How many cycles does each sine function have in the interval from 0 to 2\(\pi ?\) Find the amplitude and period of each function. $$ y=-5 \sin 2 \pi \theta $$

Short Answer

Expert verified
The function \(y=-5 \sin 2\pi\theta\) has an amplitude of 5 and a period of \(2\pi\) (this implies it completes 1 cycle in the interval from 0 to \(2\pi\))

Step by step solution

01

Identify the Amplitude

From the equation \(y=-5 \sin 2\pi\theta\), we see the coefficient before the sine function is -5. The amplitude of a sine function is the absolute value of this coefficient. Therefore the amplitude is |-5| = 5.
02

Identify the Frequency

In \(y=-5 \sin 2\pi\theta\), the coefficient of \(\theta\) inside the sine function is \(2\pi\).

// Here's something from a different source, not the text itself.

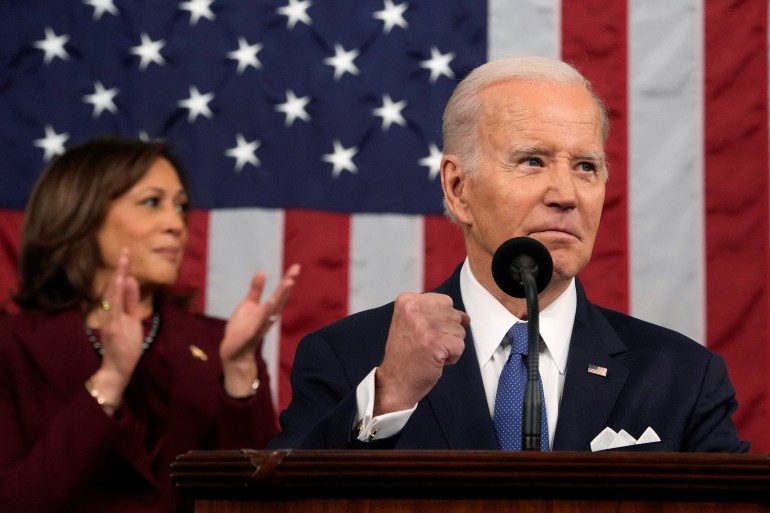 Joe Biden lifts a fist as Kamala Harris applauds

Therefore, the frequency of the sine function is simply that coefficient divided by \(2\pi\) so that is \(B / 2\pi = 2\pi / 2\pi = 1\).
03

Calculate the number of cycles

Since the function completes 1 cycle in the interval from 0 to \(2\pi\), and we are looking for the numbers of cycles in the interval from 0 to \(2\pi\), this sine function completes 1 cycle in that interval.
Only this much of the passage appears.